An obvious solution would be to turn it on by default


That's what IE 10 did. It led all the major advertisers to make public statements that they were going to ignore the header as a form of protest.


Sounds good to me.

When (major advertiser/website detected): Prompt user, "Warning: (Advertiser/website) insists on tracking you, and have made public statements affirming this position. Your privacy is not enforceable on this website."


more like class action or regulatory step in. in theory market transactions are based on mutual consent. if consent isn't respected, then that's a problem.


I actually ended up expanding on this a bit in a different comment thread, if you're interested. :) [1]

It's a tough position to be in because the thing that really gets heads turning is regulation, licensing, and fines, but...when it comes to website design (assuming we're not talking about illicit material) I get queasy at the idea of (the/any) government saying, "You're not running your website the right way! Pay us money!" Perhaps the few exceptions being something like: PII storage, or payment processing.

I dread the idea of anyone saying you have to, say, use a specific font type or whatever, you know? I don't want to put that burden on website owners, or complicate my own life.

I'd rather inform the end user, point out the biggest offenders, and leave them be. "Detect, inform, and move on." Big scary message[2] then leave it to the user to decide what they want to do. "Oh, they're going to track me? Let me look up that VPN-thingy I keep hearing my nephew talk about."

[1] https://news.ycombinator.com/threads?id=registeredcorn#42380...

[2] https://i.imgur.com/W885J9X.png


I don't think there's much support for specifying a specific font. I do think there is support for making companies do things that don't exploit users.

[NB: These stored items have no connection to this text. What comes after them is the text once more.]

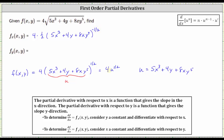To find u prime, we differentiate five x cubed plus four y plus eight x y to the fifth with respect to x, treating y as a constant. The derivative of five x cubed with respect to x is 15 x squared. Because we're treating y as a constant, the derivative of four y with respect to x is zero. Then we have plus the derivative of eight x y to the fifth with respect to x, treating y to the fifth as a constant, and since the derivative of eight x with respect to x is eight, we have plus eight y to the fifth.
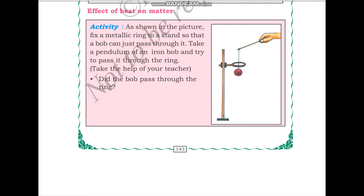Hello students. This is part 3 of the lesson Nature of Matter. In part 2, we had learnt about the different states of matter. In this part, we will be starting with the effect of heat on matter.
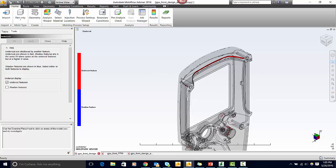On this part, I would want to redesign this red section because it would cause the mold to be more expensive and more difficult to maintain.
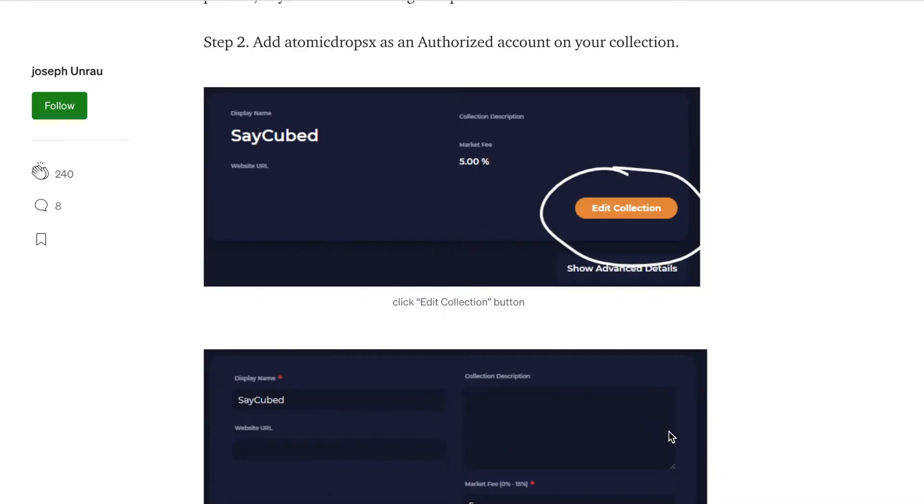So the next thing you want to do, step two, is add atomic drops X as an authorized account on your collection. So that's pretty much the smart contract account that you need to add. So let's go ahead and go through that process right now.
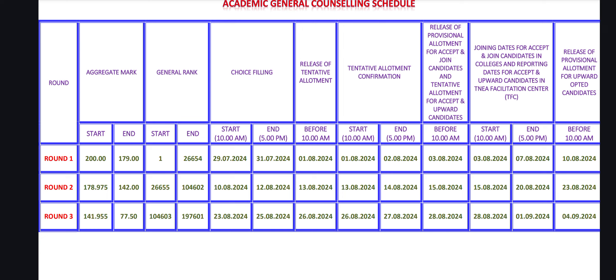Then you can select the allotment. If the college is correct, then you can select accept and upward. They will get a tentative assignment. So, if you get a provisional assignment, you will get a tentative assignment. If you get a join, you will wait for the appointment. Joining dates for accept and join candidates in colleges, and reporting dates for accept and upward candidates at the TFC center.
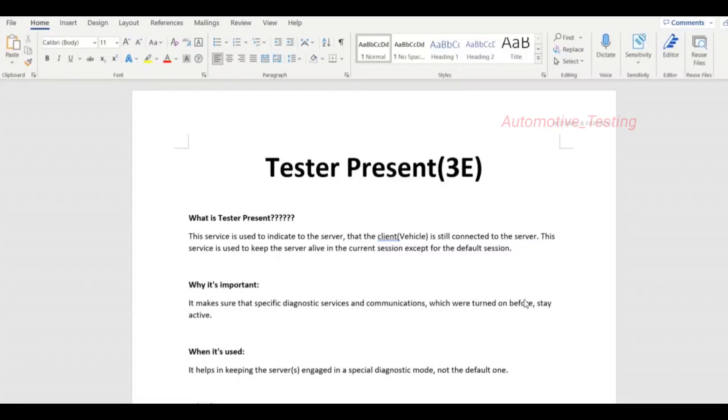Hello all. In this video, we will see what is TesterPresent and how we can turn it on in Vector Canoe or Canalyzer. So let's start.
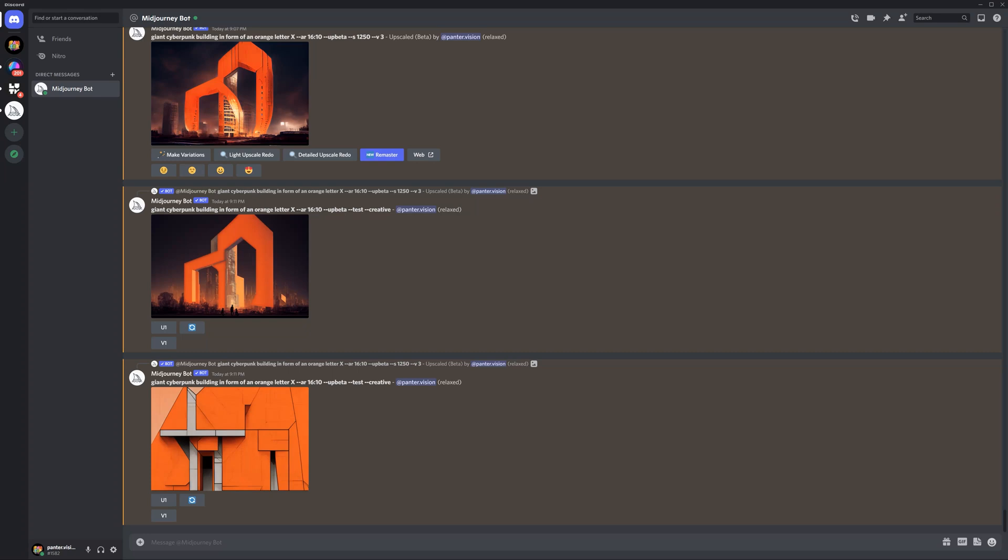Hey, what's up, this is Rob from Panther and I'm going to show you how to delete images in Midjourney forever. Since Midjourney is running on Discord, it's kind of difficult to understand where the settings are.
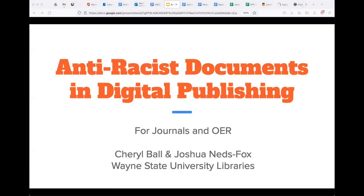Hello. Welcome to the first of two workshops about creating anti-racist publishing practices and programs. This workshop is an orientation to anti-racist documents in digital publishing, co-sponsored by the Council of Editors of Learned Journals, Library Publishing Coalition, and the Open Education Network. My name is Karen Lauritsen, the publishing director with the Open Education Network based at the University of Minnesota. I'm joined by Barb Thees, the OEN Community Manager.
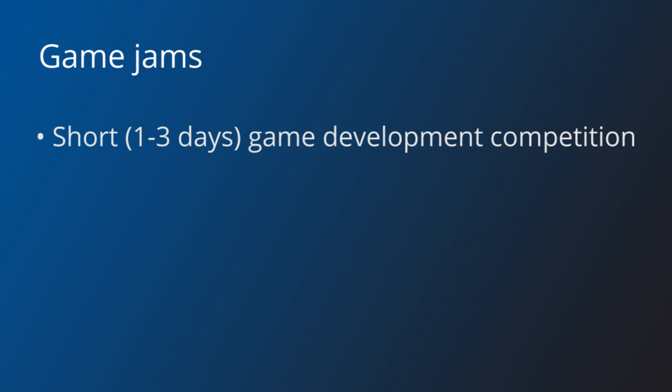A game jam is a game development competition. It usually spans over a few days, typically 48 or 72 hours, and it has a theme determined by the organization.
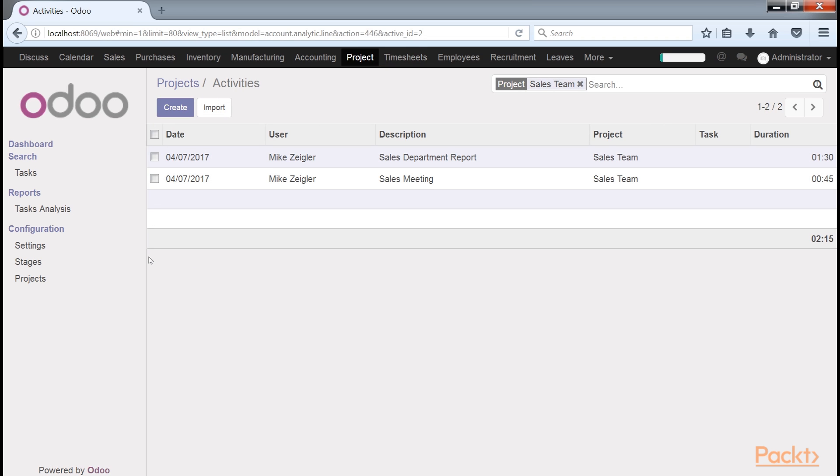While this project was useful for an internal example of using a project to time various employee activities, let's see how we can use the Project Management application to manage various tasks for a customer.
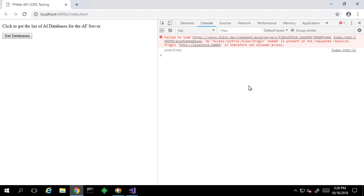A no access control allow origin header. This is because I'm hosting the webpage locally, but the PI Web API is on the domain, so the request is blocked for security reasons.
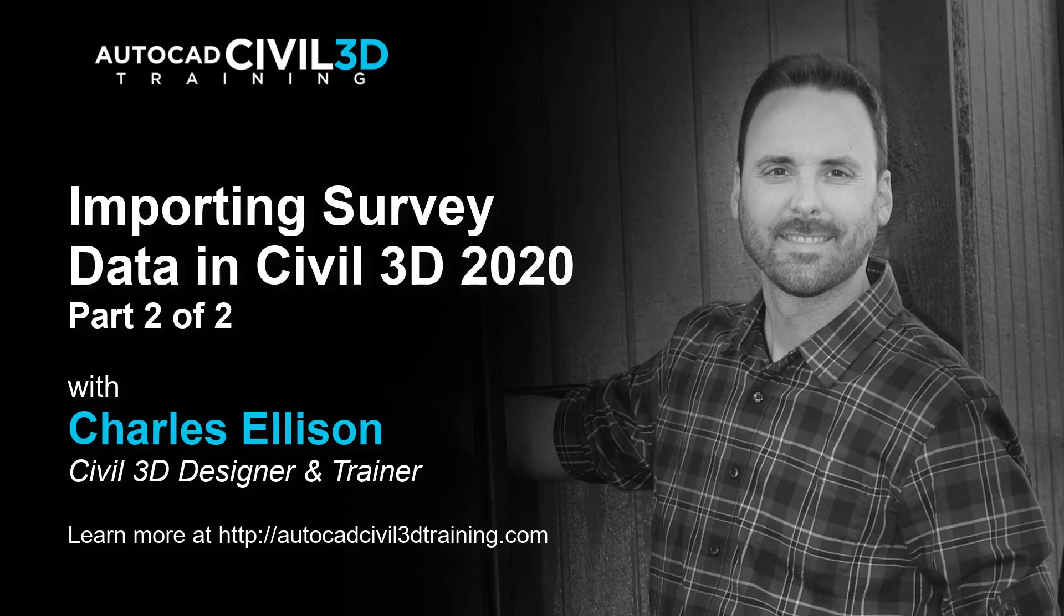Hi there, I'm Charles Ellison, Civil 3D Designer and Trainer at AutoCADCivil3DTraining.com. Now today, we'll continue with looking at importing survey data in Civil 3D 2020.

This was used as an excuse by sites and advertisers to not support it actually. Because some browsers did that.

That wouldn't fly in the EU though because tracking is supposed to be opt in so enabling by default is fine.


That's exactly what killed it. Everyone started ignoring it once Edge defaulted it to on.


But without it defaulting to "on", it would have died anyway. That's why the entire effort was doomed from the very start.

The only way that anything like this can possibly succeed is through legislation.